Muito além das posturas “instagramáticas”, há de se considerar que o yoga entrou no rol de um mercado global do “turismo do bem-estar” que, em 2022, movimentou mais de US$ 800 bilhões, e com previsão de crescimento até 2030. Nesses tempos de consumismo exacerbado, o que observamos é que a superficialidade da autopromoção superou, em muito, a profundidade da Autocultura. Como já analisado pelo sociológo Gilles Lipovetsky, em sua obra A felicidade paradoxal, trata-se de um consumo emocional, em que se buscam constantes novidades, impregnadas de sensações que estimulem sentimentos de felicidade.

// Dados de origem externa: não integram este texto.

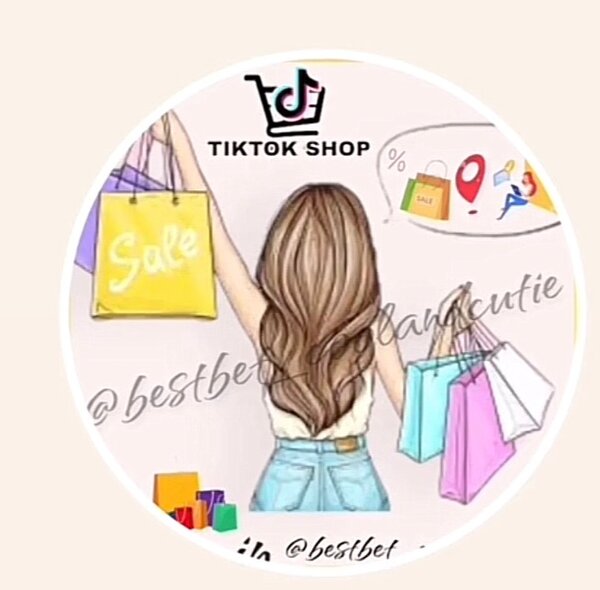 Gwad shopping 🛍️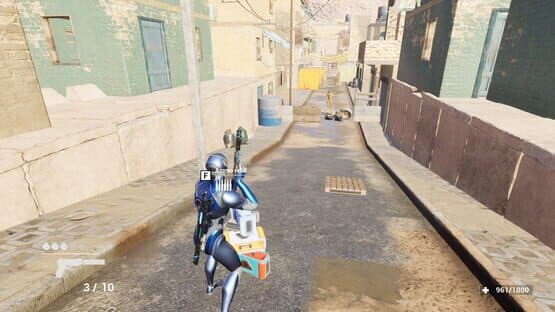 Assassin Of Dombardos — screenshot 2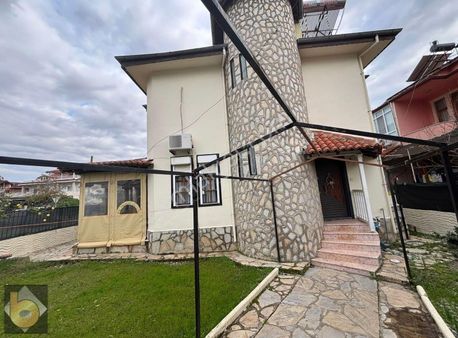 Fethiye Yeni Mahalle İkiz Villa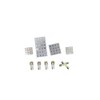 regasixitu-ringuwagon BR Series Luxury LED room lamp 10 Pcs Set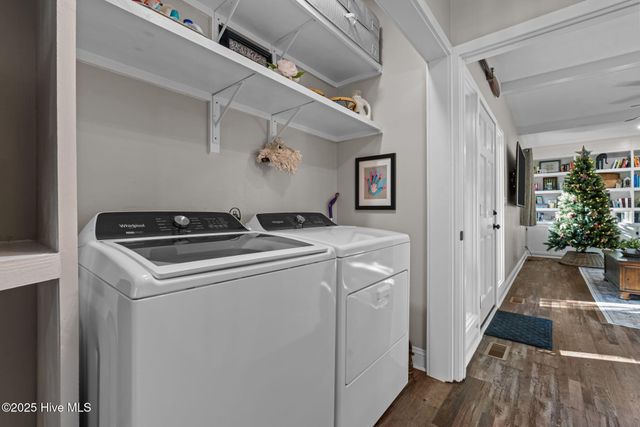 31 Cardinal Drive, Carthage, NC 28327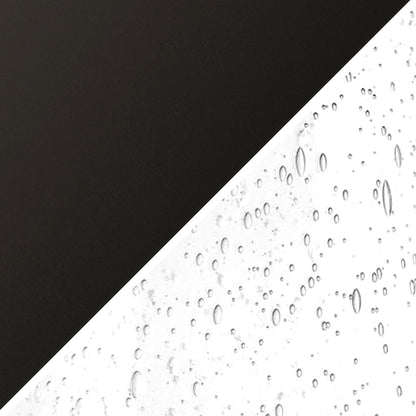 Verona 11 Wide Pendant with Glass Shade - 11 Wide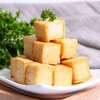 【6.9元/斤】散称安井鱼豆腐（0803335） 商品缩略图0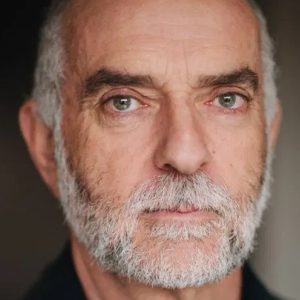 Andy Mcphee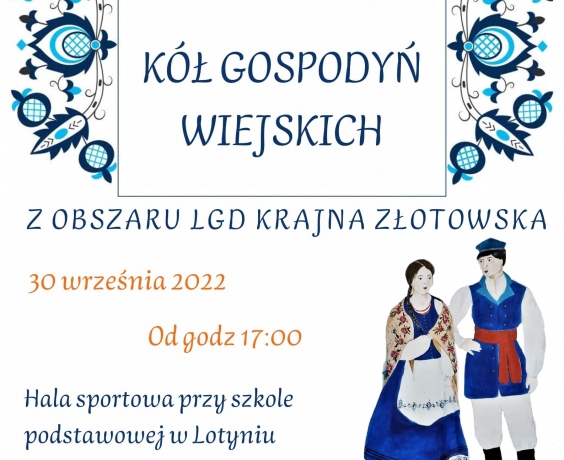 Będzie Biesiada!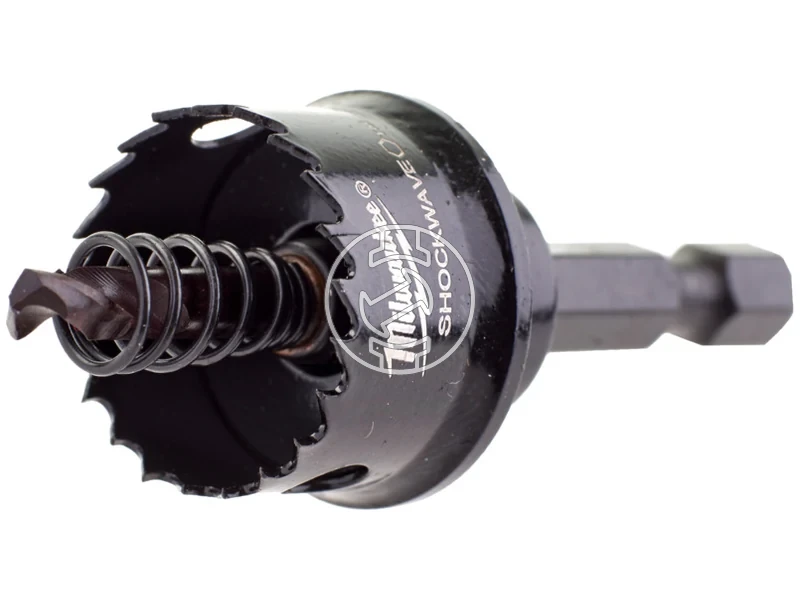 Kép: Shockwave impact lyukfuresz 22 mm -1 db.webp
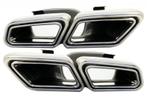Sierstukken E63 / S63 Look Mercedes W222 / W212 / S212 /, Ophalen of Verzenden, Nieuw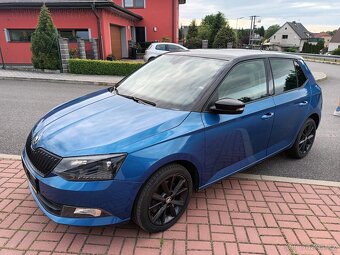 Skoda Fabia 1,2tsi 81kw DSG - 2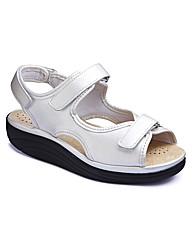 Ergonomic 4 Spots Roller Sandals E Fit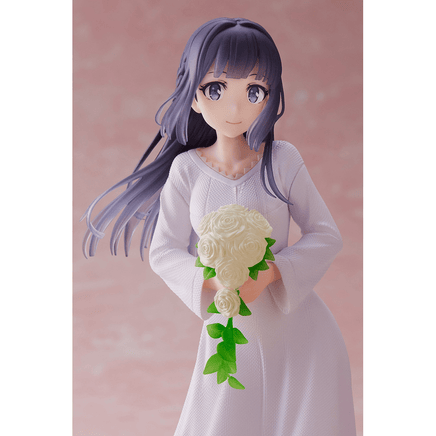 Taito: Rascal Does Not Dream of Bunny Girl Senpai - Shoko Makinohara Coreful Figure - The Mage's Emporium Shumi Toys & Gifts Shopify Collective Shumi Toys & Gifts Used English Prize Japanese Style Comic Book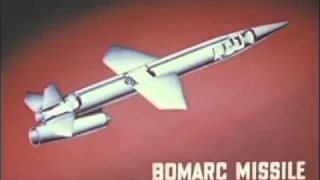 Guided Missiles Review 1950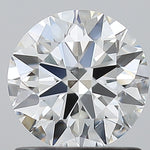 GIA 1.03 Carat 圓形 - Round Brilliant 天然鑽石 Natural diamond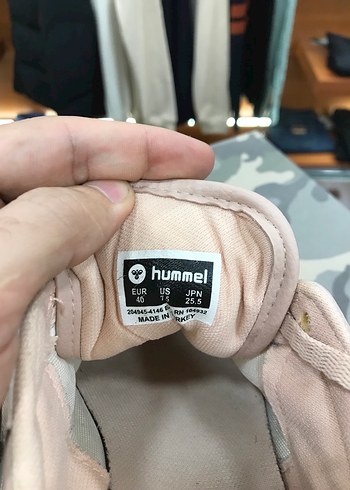 Orijinal Hummel - Görsel 6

Temos que ter o cuidado para não fazer de Sadhana um meio para a autopromoção. Há vários caminhos a percorrer no yoga e muitos são os instrutores disponíveis; é necessário que encontremos o caminho adequado e o instrutor que nos guiará com segurança ao início da jornada ao "mundo interior", cujo objetivo nada tem a ver com a promoção de si mesmo ou pulsões de satisfação egóica.
Dedicar-se a Autocultura é um processo longo, que se inicia quando passamos a refletir - séria, ampla e profundamente - sobre as questões da existência. E quando não encontramos no “mundo exterior” as respostas aos nossos questionamentos, então, buscamos em nosso “mundo interior” – e somente nele - o conhecimento e a sabedoria que nos libertará de todas as ilusões da vida.
O yoga pode ter muitos caminhos. Porém, certamente, não é objeto de consumo ou prática de ostentação.
Hari Om Tat Sat.
Um dos traços chocantes dos tempos atuais é a falta de compreensão sobre a natureza do ser humano. O ser humano está tentando saber tudo no universo. Ele pode dizer com certeza de que são feitas as estrelas distantes de nós milhões de quilômetros. Ele conhece detalhadamente a constituição dos átomos e moléculas. Entretanto, sobre si mesmo praticamente nada sabe e, o que é pior, está muito satisfeito de viver sua vida sem cogitar de onde vem, qual a sua natureza real, porque está aqui neste mundo e para onde vai após a morte. É realmente espantoso como a grande maioria da população do mundo pode viver toda uma vida sem fazer essas perguntas naturais, ou mesmo tomar conhecimento de sua existência (I.K. Taimni)
Mais um excelente texto, professor Marcelo! O ano vai encerrando um ciclo de muito aprendizado. Saudemos 2023!